The excess sludge from treatment is purged in a sludge digester. This process is very efficient for reducing microorganisms and organic matter content, minimizing the potential for generating unpleasant odors, as well as the amount of sludge to be managed.

Gravity thickener

After the digester, the sludge passes to the gravity thickener. The goal is to reduce the volume of sludge by partially removing the water present in it. With this system, sludges with 4-6% dry matter are achieved.

Sludge treatment

It is common to find mechanical sludge dehydration lines composed of a static thickener, with the addition of a polyelectrolyte, followed by a belt filter, filter press, or centrifuge decanter.

With these technologies, it is difficult to exceed 30 – 40% DM in the dehydrated sludge.

Dehydration using a vacuum evaporator

Another option is to use a vacuum evaporation system, which significantly simplifies the installation and can obtain a high concentration sludge (>50% DM). With this system, excellent quality condensed water is achieved, which can be reused or discharged into the environment.

The solids separated in the initial screens of the wastewater treatment plant, or those obtained in the various phases of the juice manufacturing process, can be recovered with a vacuum evaporator, resulting in a significant minimization of the final waste and, in many cases, obtaining profitable byproducts, contributing to the sustainability of this industry.

Extraction of Valuable Compounds

• Fibers: Fibers can be used in the production of high-fiber foods or supplements.
• Antioxidants: Bioactive compounds with health benefits can be extracted.
• Fermentation: Residues can be fermented to produce biogas or bioethanol, contributing to energy sustainability, or they can be composted to produce natural fertilizers, closing the nutrient cycle.

Conclusions

The treatment of wastewater in the juice industry is a crucial process. Investment in appropriate technologies and training of qualified personnel is essential to ensure efficient and sustainable management of these resources.

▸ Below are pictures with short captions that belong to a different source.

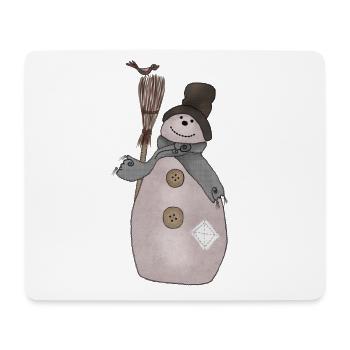 Schaebiger_Schneemann - Mousepad (Querformat) - Weiß - Vorne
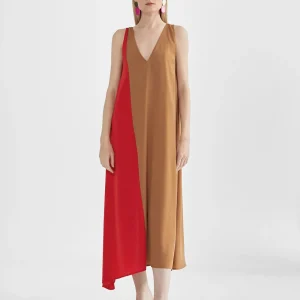 Lola Casademunt Vestidos Y Faldas<Vestido midi bicolor ROSA-ROJO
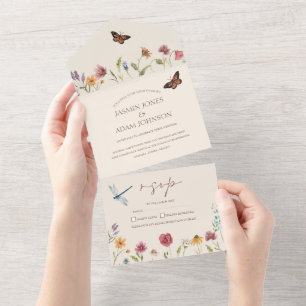 Invitation Tout En Un Fleur sauvage coloré simple Mariage floral 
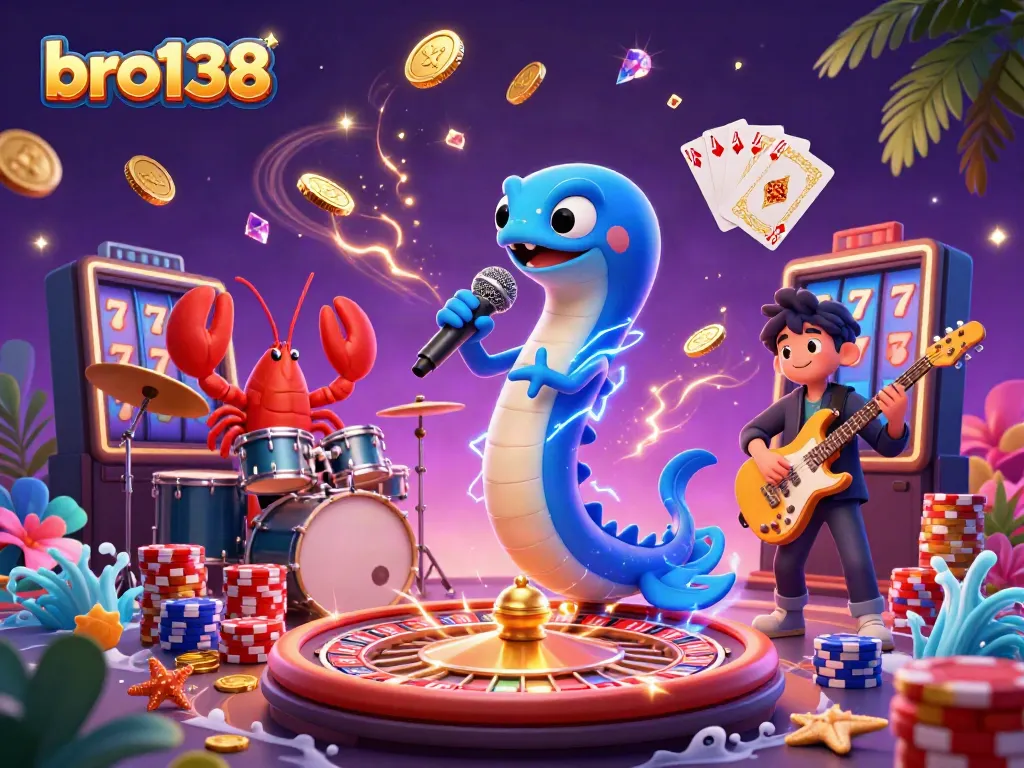 Experience thrilling spins at bro138 with dynamic gaming characters in a vibrant underwater casino scene.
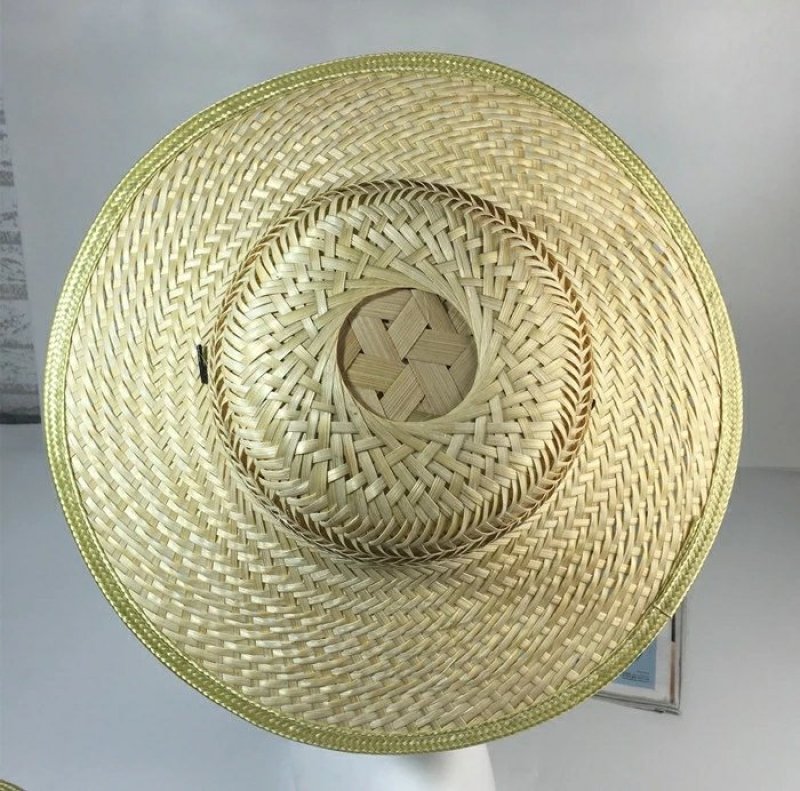 竹编布遮阳帽防晒大沿檐凉帽出游太阳帽农民遮阳布编织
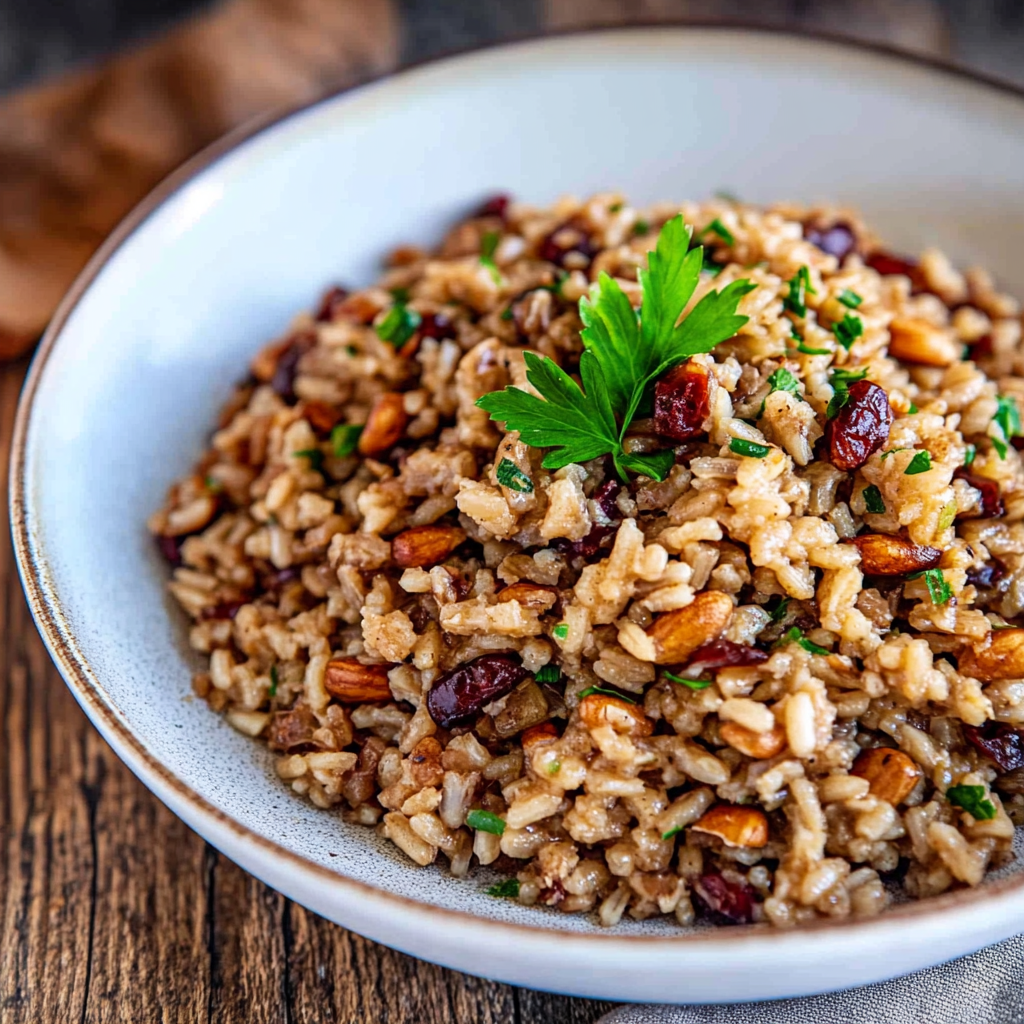Recipe preparation for farro pilaf with toasted nuts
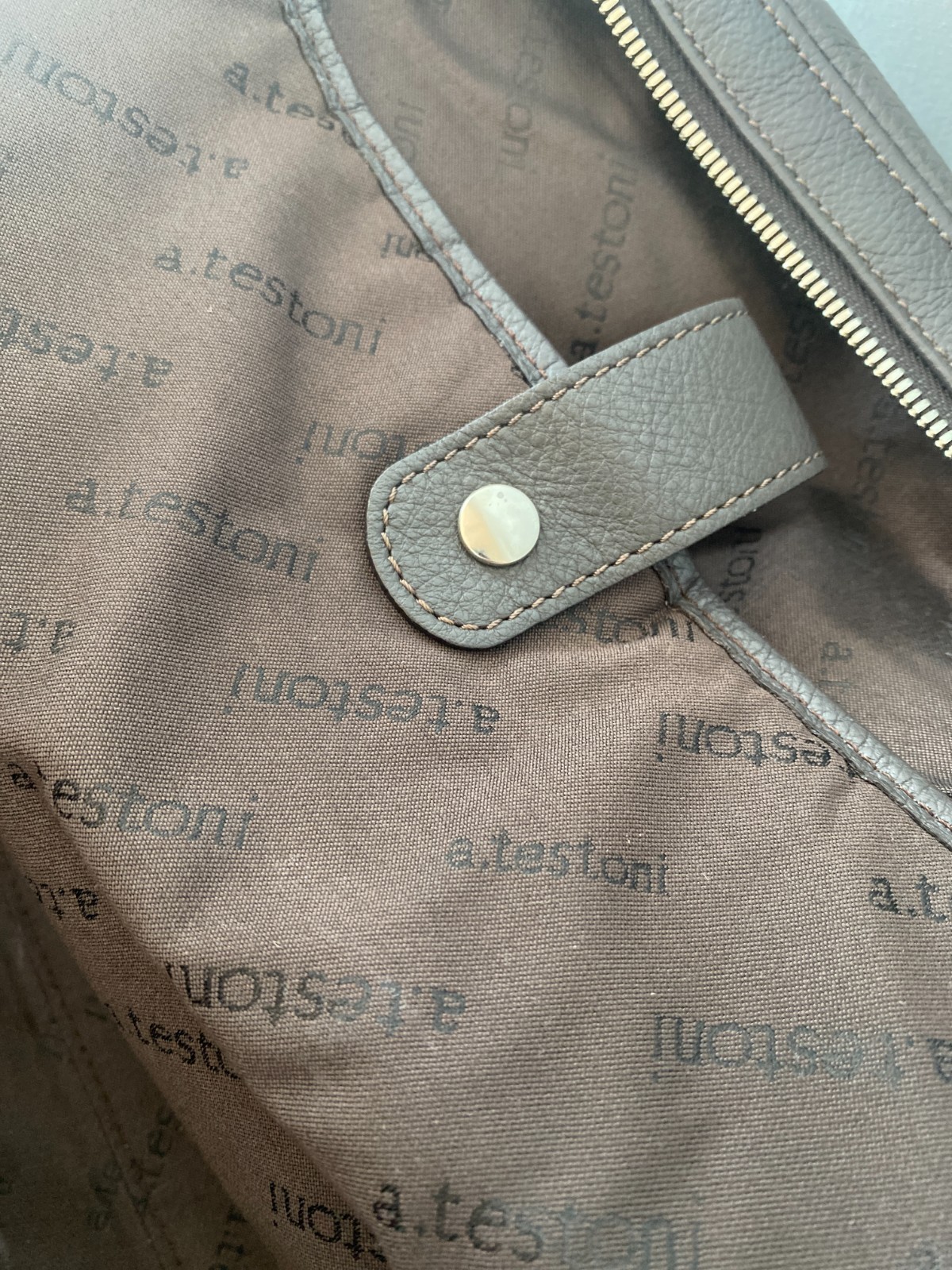 New Leather Testoni Brown Weekender Bag Italian Luxury Travel Duffel NWT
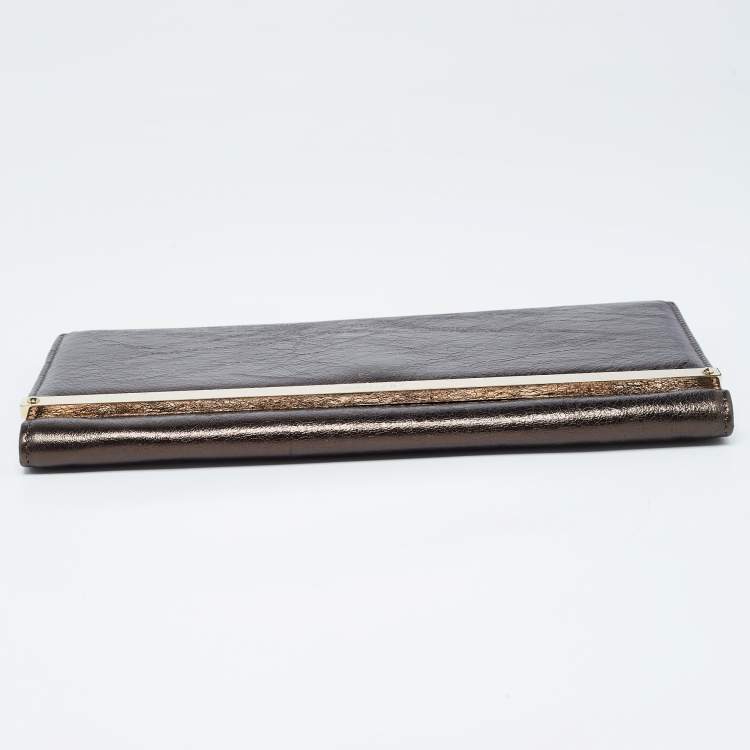 Pre Owned Jimmy Choo Metallic Leather Milla Clutch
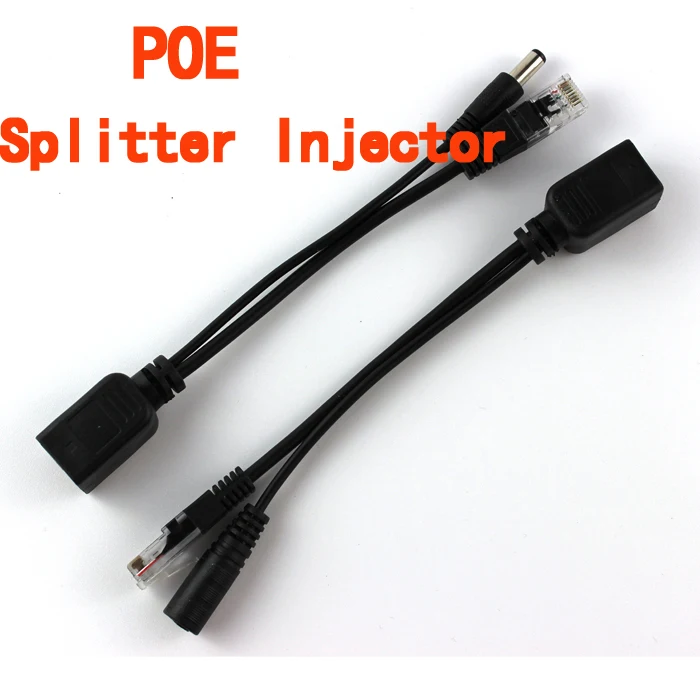 Tape screened POE Adapter cable, POE Splitter Injector kit For IP Camera Up to 30M Working range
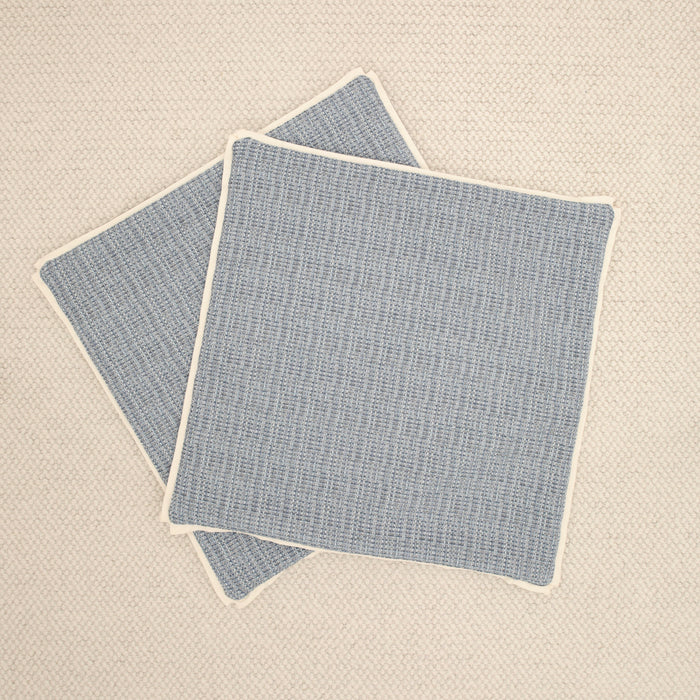 PAIR OF 24" HEPBURN TWEED // DENIM + BONE REVERSE & BUTTERFLY FLANGE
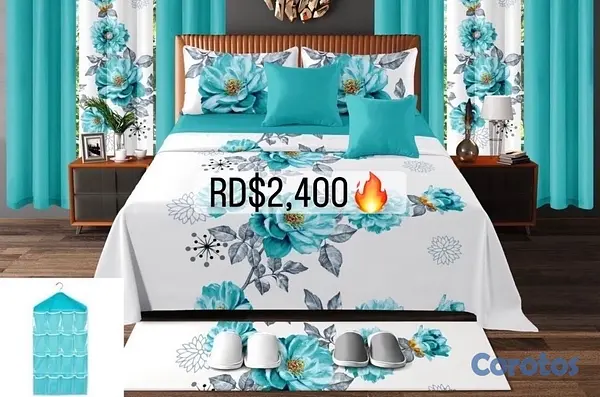 muebles y colchones - juego de sabana 16 piezas para cama de 60  6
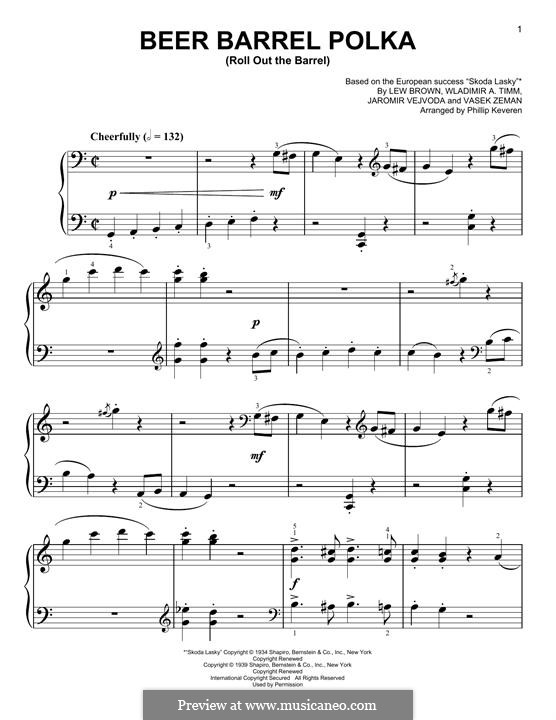 Beer Barrel Polka (Roll Out the Barrel): For piano by Jaromir Vejvoda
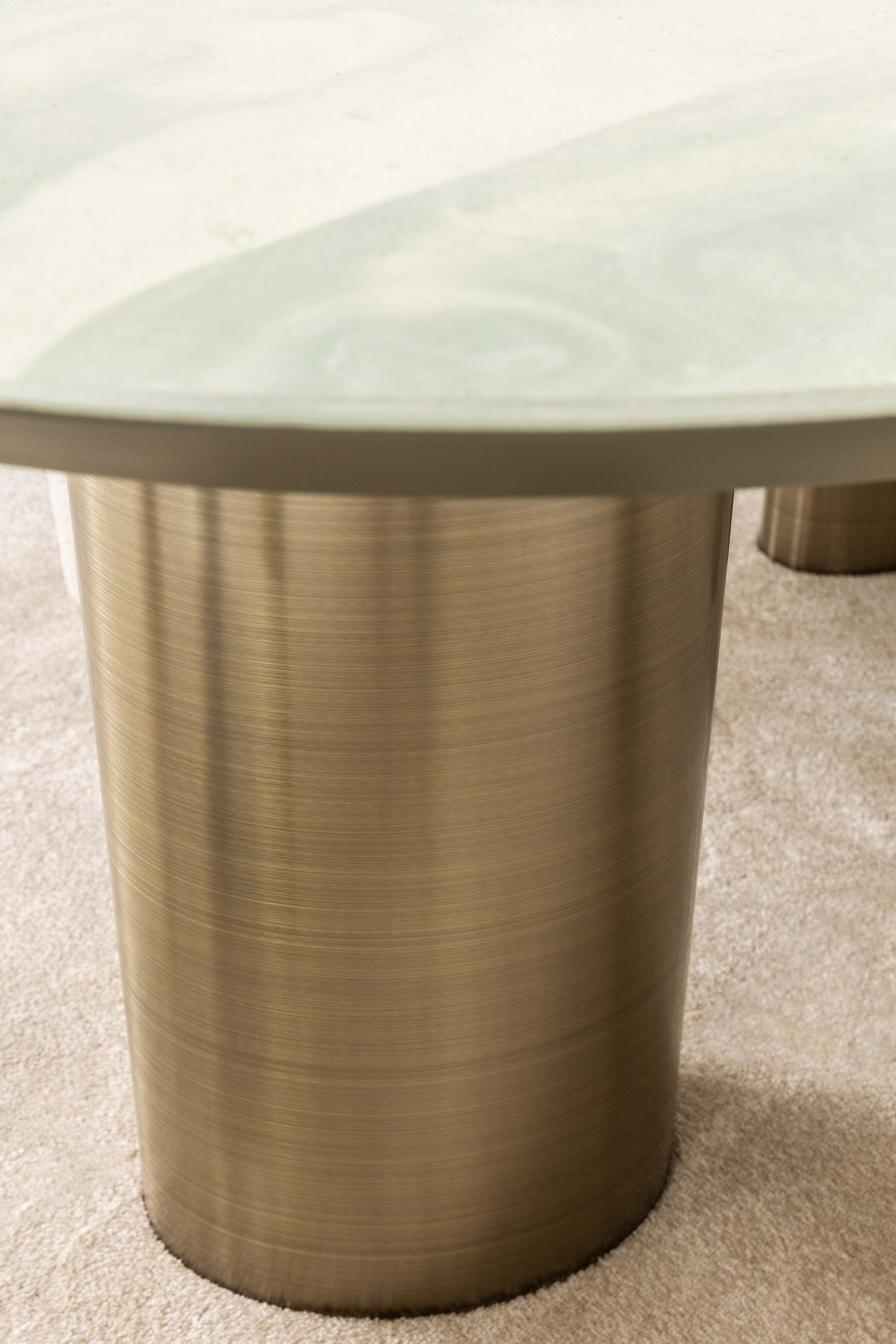 Candess Masa din MDF, acril si metal, Da Vinci Multicolor / Alama, L205xl129xH76,8 cm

The usual treatment process consists of a pre-treatment through separation with screens and/or appropriate sieves, followed by physicochemical and biological processes, the composition of which will depend on the analysis of the effluents and the discharge point to which they are destined.

The obtained waste (separated solids and sludges) is reusable in many cases. Vacuum evaporation is a good solution for the valorization of these solids and sludges when there is a possibility of converting them into byproducts.